Solar-powered hearing aid developer Deaftronics is preparing to take its pioneering technology global, six years after creating its first prototype.
The Botswana-based company will pitch its renewable hearing aid at the Global Innovation Through Science and Technology (GIST Tech-I) contest in Kenya later this month. The global contest celebrates and seeks to maximise the potential of impactful science and technology companies “making a difference” in over 74 countries.
Since launching in 2009, Deaftronics has sold upwards of 10,000 solar-powered hearing aids. At $200 per unit, they aren’t especially cheap but still trump most other popular hearing aids, which often come at a cost of at least $600.
Each hearing aid comes with four rechargeable batteries that can last up to three years, as well as a solar charger for the rechargeable batteries. When Deaftronics began developing the units, most hearing aids distributed by international and NGOs could not be used for longer than a month. When batteries ran flat, the replacement cost of $4 per month was usually too high for the people using the aids.
“People have to make the choice between spending money on necessities and replacing batteries for their hearing aids. This is no easy trade-off,” Deaftronics boss Tendekayi Katsiga told QZ.
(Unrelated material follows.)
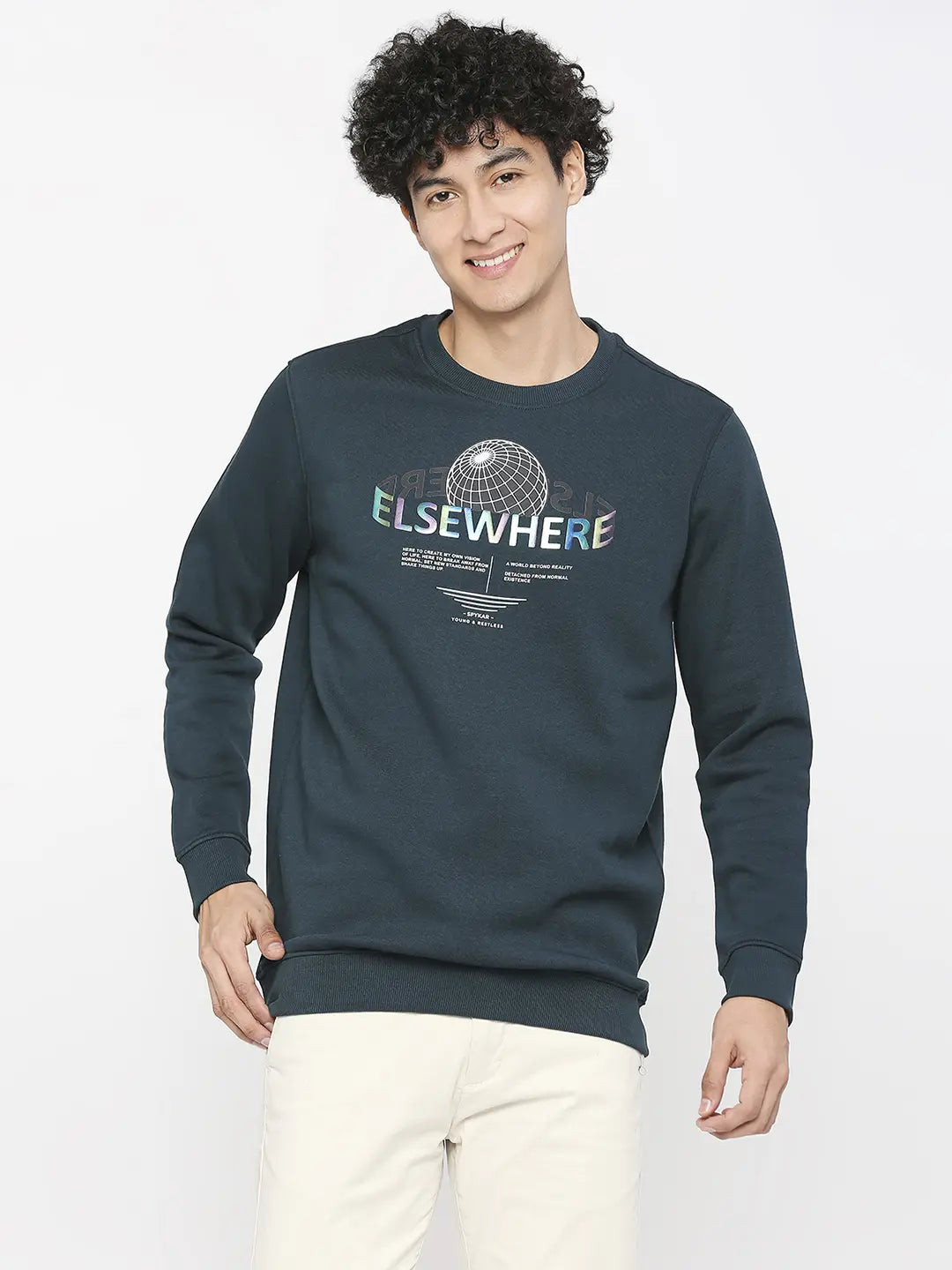 Spykar Teal Blue Cotton Full Sleeve Round Neck Sweatshirt For Men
Deaftronics is now preparing to take its business to the next level and expand usage of their technology beyond hearing aids.
“Over the years, we have realised that providing solar-powered hearing aids is not the solution to preventing hearing loss,” said Katsiga. “We want to start developing mobile apps that work as an early warning system to detect hearing loss as it develops.”
The company is led by six founding members and now also boasts five part-time staffers – all of whom have hearing impediments.
“Having team members who have hearing impediments has kept us on our toes. The product is made for and by-people with hearing impediments,” Katsiga said.